Hilel y Shamai se necesitan porque ambos son la misma fuerza del Dios viviente, pero, quizá, a Hilel y a Shamai, que no pueden vivir uno sin el otro, también les falta escuchar la voz femenina: mujeres que procreamos, mujeres que somos la mitad de la población, mujeres que también pensamos y padecemos. Mujeres como Merl, víctima de sus sombrías circunstancias.
El problema de las agunot es tan brutal, es tan certero en el mundo de la ortodoxia judía contemporánea, que aún hoy, en pleno siglo XXI, más de una congregación ha buscado salidas para superarlo: firmar acuerdos prenupciales para liberar a priori a la mujer del yugo del matrimonio, a sabiendas de que por ley halájica sólo el hombre puede dictar el divorcio o la condición de viudez. De ese modo, con un acuerdo premarital que se firma al signar la Ketuvá, se libran de facto de lo señalado en Deuteronomio 24:1-4, donde se coloca la iniciativa de la separación de una pareja sólo en la voluntad de los hombres.
Por suerte, los tiempos van cambiando. La Revolución Femenina, la gran revolución de todos los tiempos, ha hecho mella en todos los ámbitos y ya no es un pesar ser mujer o tener una hija, mucho menos acceder a educación secular o asumir la libertad.
En este contexto, es un acierto que Shulamit Goldsmith haya emprendido la tarea de traducir del ídish esta importante obra, de poner aún más el dedo en la llaga para entender la realidad de algunas mujeres que, todavía hoy, viven sometidas en un limbo de incomprensión. Asimismo, sirva ésta para conscientizar a los hombres de que situaciones como éstas aún suceden y que bien harían en asumirse “feministas”. Sobre todo, para empoderar a quienes son víctimas de fantasmas y prejuicios, de castigos fatales, sin haber cometido ninguna falta.

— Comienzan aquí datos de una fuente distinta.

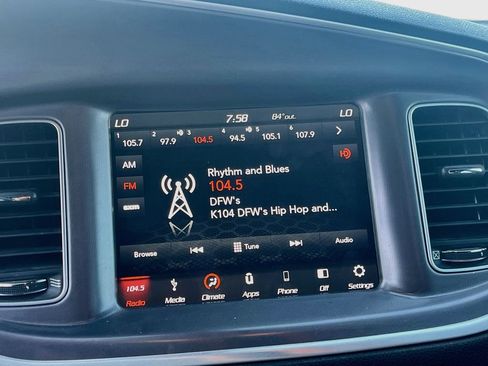 Used 2019 Dodge Charger Scat Pack RWD image 14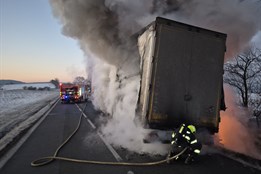 Provoz u Krhové na Vsetínsku zkomplikoval požár nákladního automobilu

Posdata: una curiosidad al margen
El nombre real del gran escritor Shmuel Agnon, Premio Nobel de Literatura 1966, quien insertó la literatura hebrea en un entorno universal y puso a Israel en el mapa de la cultura universal, era Shmuel Yosef Czaczkes. Hijo de un rabino y de una alemana volcada a la literatura, Shmuel comenzó a escribir en hebreo desde muy temprana edad.

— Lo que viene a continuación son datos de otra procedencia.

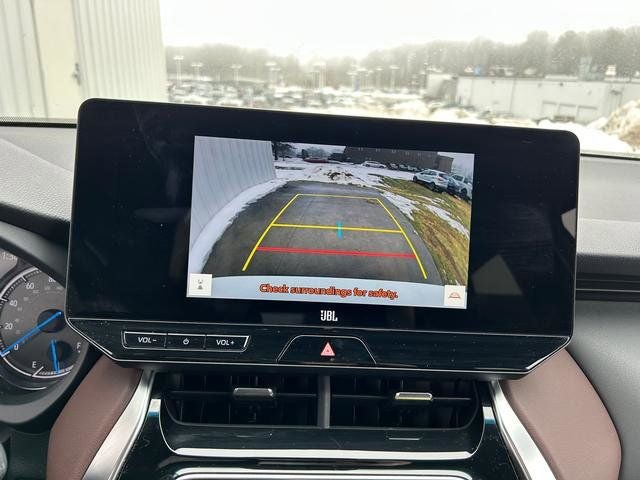 2024 Toyota Venza XLE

Inspirado por el sionismo, inmigró a principios del siglo XX a Palestina, donde siempre fue un judío observante. Su primer cuento, publicado en Palestina en 1908: “Agunot”, esposas encadenadas, se publicó con el pseudónimo Agnón, derivado de agunot, y ese nombre hebreo se convirtió en su apelativo como escritor. Hay un símbolo en ello. Quizá hubo la intención, de mostrar que vivió “encadenado”, inserto en mundos contradictorios, atrapado en realidades inconexas, discordantes, como las mujeres desarraigadas que viven en un limbo de indefinición, condenadas e incompletas, sin poder ser solteras, viudas o casadas al interior de las comunidades ortodoxas a las que pertenecen.

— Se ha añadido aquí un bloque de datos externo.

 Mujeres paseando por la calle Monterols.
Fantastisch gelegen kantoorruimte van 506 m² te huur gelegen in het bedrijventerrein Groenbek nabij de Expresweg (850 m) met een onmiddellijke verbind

Agnon vivió las antítesis que imperaron en su cuna y en su tiempo. Manifestó la lucha que bullía en su interior, las claves de su desarraigo: el misticismo jasídico del padre, versus el racionalismo de su madre; la tradición judía contrapuesta a la modernidad. El lenguaje de la Biblia y el Talmud, la Torá y los juicios rabínicos de los que nutrió su pensamiento crítico, encarados con los dramas psicológicos que se vivían como resultado del drama de construir una nación y enfrentar el Holocausto. El pasado, la lengua y la tierra que se tropezaban, en su continuo peregrinar, con fracturas, incendios y pérdidas. Con esas cadenas del exilio y la indefensión que impiden pertenecer. Sujetarse al mundo.
Agnón es un símbolo de cadenas opresivas, como las mujeres agunot.
En específico, la obra que hoy nos incumbe, da fe de la hipocresía y la doble moral que a veces aflora entre quienes dirigen el rumbo, el poder y el autoritarismo bajo la justificación de rendir potestad a los textos milenarios.